Differential representation of B cell subsets in mixed bone marrow chimera mice due to expression of allelic variants of CD45 (CD45.1/CD45.2)

Abstract

The CD45 congenic marker system is a highly utilized technique to track hematopoietic cells following bone marrow transplantation (BMT), with CD45.1 and CD45.2 being efficiently distinguished by flow cytometry. During the analysis of control mixed BM chimera mice in which lethally irradiated recipients were transplanted with an equal number of BM cells from WT CD45.1 and WT CD45.2 mice, we observed an unequal reconstitution of specific B cell subsets in the bone marrow (BM), lymph node (LN) and spleen. Specifically, in the BM and LN, there was an increase in the percentage of CD45.2 mature B cells. In the spleen, an increase in the percentage of CD45.2 transitional (T) 1 and T2 cells was observed. In contrast, the percentage of splenic CD45.1 marginal zone (MZ) B cells was significantly increased. When we compared the percentage of B cell subsets in unmanipulated WT CD45.1 and WT CD45.2 mice, we found that WT CD45.2 mice had significantly more LN B cells while WT CD45.1 mice exhibited an increase in MZ B cells. These data indicate that the alteration in the ratio of CD45.1 and CD45.2 B cell subsets in mixed chimera mice is a cell-intrinsic effect. Thus whenever the CD45 congenic system is used to track two genetically distinct populations of immune cells WT chimeras must be generated to allow normalization of the experimental data to avoid the reporting of unintentionally skewed data.

Keywords: B cell; Bone marrow transplantation; CD45; Congenic.

Figure 1. In mixed BM chimera mice, CD45.1 and CD45.2 cells contribute differentially in various B cell subsets in the LN and the spleen

Mixed BM chimera mice were constructed by transplanting equally mixed CD45.1 and CD45.2 BM cells (5 × 10⁶ total) into lethally irradiated μMT, WT CD45.1, or WT CD45.2 recipient mice. After a 12–14 week reconstitution, BM (A), LN (B) and splenic (C) B cell subsets were analyzed by flow cytometry. (A) The percentage of CD45.1 and CD45.2 cells in pro-pre, immature, and mature B cells from μMT (left panel), WT CD45.1 (middle panel) and WT CD45.2 (right panel) recipients are shown. (B) Bar graphs represent the percentage of CD45.1 and CD45.2 cells in total LN B cells (B220⁺) from WT CD45.1 (left panel), and WT CD45.2 (right panel) recipients. (C) The percentage of CD45.1 and CD45.2 cells in splenic T1, T2, Fo and MZ B cells from μMT (left panel), WT CD45.1 (middle panel), and WT CD45.2 (right panel) recipient mice are shown. Open and closed bars represent CD45.1 and CD45.2 cells, respectively. Data shown are the mean ± SEM of one representative experiment of two each with five mice per group. *p<0.05, **p<0.01.
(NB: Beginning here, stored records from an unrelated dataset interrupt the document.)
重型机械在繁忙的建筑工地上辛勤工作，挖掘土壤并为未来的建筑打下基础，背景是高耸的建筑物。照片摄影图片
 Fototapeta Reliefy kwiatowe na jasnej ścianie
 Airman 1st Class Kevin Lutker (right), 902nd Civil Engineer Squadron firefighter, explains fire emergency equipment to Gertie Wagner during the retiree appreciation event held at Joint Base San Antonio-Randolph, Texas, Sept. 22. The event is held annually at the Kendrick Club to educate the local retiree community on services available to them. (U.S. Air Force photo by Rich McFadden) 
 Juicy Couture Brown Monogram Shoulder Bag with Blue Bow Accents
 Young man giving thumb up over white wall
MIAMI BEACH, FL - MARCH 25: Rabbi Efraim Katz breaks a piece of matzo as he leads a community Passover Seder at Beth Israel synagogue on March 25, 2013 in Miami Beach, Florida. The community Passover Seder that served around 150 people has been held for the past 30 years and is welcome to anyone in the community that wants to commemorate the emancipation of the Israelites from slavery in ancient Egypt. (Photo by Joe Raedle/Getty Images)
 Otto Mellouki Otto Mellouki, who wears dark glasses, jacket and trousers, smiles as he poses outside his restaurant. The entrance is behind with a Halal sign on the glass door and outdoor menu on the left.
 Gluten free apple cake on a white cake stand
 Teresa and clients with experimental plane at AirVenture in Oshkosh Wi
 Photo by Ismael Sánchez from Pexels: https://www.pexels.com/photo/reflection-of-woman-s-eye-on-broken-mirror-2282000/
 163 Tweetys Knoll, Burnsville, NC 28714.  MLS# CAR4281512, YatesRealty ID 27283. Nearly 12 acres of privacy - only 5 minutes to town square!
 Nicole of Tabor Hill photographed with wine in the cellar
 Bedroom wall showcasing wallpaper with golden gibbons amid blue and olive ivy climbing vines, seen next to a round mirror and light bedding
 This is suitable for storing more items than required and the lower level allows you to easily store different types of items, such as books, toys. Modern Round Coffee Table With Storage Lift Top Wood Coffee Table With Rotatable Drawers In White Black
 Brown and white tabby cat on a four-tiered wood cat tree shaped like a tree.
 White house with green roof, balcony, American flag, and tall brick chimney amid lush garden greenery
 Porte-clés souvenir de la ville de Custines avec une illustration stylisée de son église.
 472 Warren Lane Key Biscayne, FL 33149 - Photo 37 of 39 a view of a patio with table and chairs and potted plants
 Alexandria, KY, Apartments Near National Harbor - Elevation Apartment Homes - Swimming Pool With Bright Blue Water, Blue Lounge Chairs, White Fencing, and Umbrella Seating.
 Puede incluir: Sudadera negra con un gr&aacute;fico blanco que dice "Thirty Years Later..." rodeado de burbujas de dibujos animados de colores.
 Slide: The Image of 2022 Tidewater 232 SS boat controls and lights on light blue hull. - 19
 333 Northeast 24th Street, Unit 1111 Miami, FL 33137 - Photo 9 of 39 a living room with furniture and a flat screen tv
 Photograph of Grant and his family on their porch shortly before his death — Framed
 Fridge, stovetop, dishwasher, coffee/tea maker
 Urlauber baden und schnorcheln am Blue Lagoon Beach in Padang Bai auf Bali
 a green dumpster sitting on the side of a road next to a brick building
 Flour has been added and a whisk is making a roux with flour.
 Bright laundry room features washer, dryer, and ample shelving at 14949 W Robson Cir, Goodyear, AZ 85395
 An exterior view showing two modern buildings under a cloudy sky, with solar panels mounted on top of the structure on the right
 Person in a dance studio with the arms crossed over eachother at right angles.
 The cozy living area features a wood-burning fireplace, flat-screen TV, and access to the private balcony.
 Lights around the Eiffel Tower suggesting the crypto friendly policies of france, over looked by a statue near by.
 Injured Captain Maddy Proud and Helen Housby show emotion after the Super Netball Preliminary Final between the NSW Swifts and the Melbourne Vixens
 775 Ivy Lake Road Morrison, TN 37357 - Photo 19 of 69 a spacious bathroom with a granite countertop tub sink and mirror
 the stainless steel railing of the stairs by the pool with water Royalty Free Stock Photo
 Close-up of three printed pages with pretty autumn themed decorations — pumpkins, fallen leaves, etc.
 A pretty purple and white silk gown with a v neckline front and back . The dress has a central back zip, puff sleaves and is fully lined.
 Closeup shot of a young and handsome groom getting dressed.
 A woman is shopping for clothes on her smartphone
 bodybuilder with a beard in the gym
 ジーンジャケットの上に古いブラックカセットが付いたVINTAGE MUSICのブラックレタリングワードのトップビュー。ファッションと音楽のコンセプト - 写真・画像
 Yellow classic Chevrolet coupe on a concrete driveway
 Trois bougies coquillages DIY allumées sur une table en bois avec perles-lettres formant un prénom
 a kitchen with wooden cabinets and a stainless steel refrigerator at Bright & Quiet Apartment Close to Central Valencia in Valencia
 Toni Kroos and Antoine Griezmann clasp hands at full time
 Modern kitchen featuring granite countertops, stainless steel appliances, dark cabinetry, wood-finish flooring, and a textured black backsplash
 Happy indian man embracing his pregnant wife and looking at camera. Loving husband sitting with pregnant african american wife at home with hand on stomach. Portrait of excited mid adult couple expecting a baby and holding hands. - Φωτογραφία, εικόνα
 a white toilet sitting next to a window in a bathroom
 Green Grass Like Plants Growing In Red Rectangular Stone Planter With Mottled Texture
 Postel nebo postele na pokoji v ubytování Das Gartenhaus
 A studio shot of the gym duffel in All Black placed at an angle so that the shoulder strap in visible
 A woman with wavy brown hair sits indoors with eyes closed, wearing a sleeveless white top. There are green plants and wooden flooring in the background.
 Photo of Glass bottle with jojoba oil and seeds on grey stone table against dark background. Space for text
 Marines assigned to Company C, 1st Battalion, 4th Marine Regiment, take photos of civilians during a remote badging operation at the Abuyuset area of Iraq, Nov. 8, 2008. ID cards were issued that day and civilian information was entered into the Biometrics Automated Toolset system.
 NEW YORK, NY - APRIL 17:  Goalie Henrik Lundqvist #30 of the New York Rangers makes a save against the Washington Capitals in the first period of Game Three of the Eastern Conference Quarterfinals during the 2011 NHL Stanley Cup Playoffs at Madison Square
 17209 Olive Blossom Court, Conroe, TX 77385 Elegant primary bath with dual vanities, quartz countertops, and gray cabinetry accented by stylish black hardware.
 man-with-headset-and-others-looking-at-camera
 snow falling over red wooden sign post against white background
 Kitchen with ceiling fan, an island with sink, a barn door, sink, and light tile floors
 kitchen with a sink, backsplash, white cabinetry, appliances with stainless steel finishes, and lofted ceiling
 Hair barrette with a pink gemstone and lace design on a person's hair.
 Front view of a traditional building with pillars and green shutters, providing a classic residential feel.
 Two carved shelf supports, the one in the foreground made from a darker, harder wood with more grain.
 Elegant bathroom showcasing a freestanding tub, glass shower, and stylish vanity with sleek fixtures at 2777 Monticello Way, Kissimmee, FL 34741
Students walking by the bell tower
Figure 2. CD45.1 mice have a significant increase in the percentage of total LN B cells and a decrease in MZ B cells compared to CD45.2 mice

BM (A), LN (B) and splenic (C) B cell subsets were analyzed from WT CD45.1 (open bar) and WT CD45.2 (closed bar) mice by flow cytometry. The percentage of CD45.1 and CD45.2 BM pro-pre, immature and mature B cells (A; n = 4–5), total LN B cells (B; n = 4–5) and splenic T1, T2, Fo and MZ B cells (C; n = 8–10) of B220-gated cells are shown. Data shown are the mean ± SEM. *p<0.05, ***p<0.001.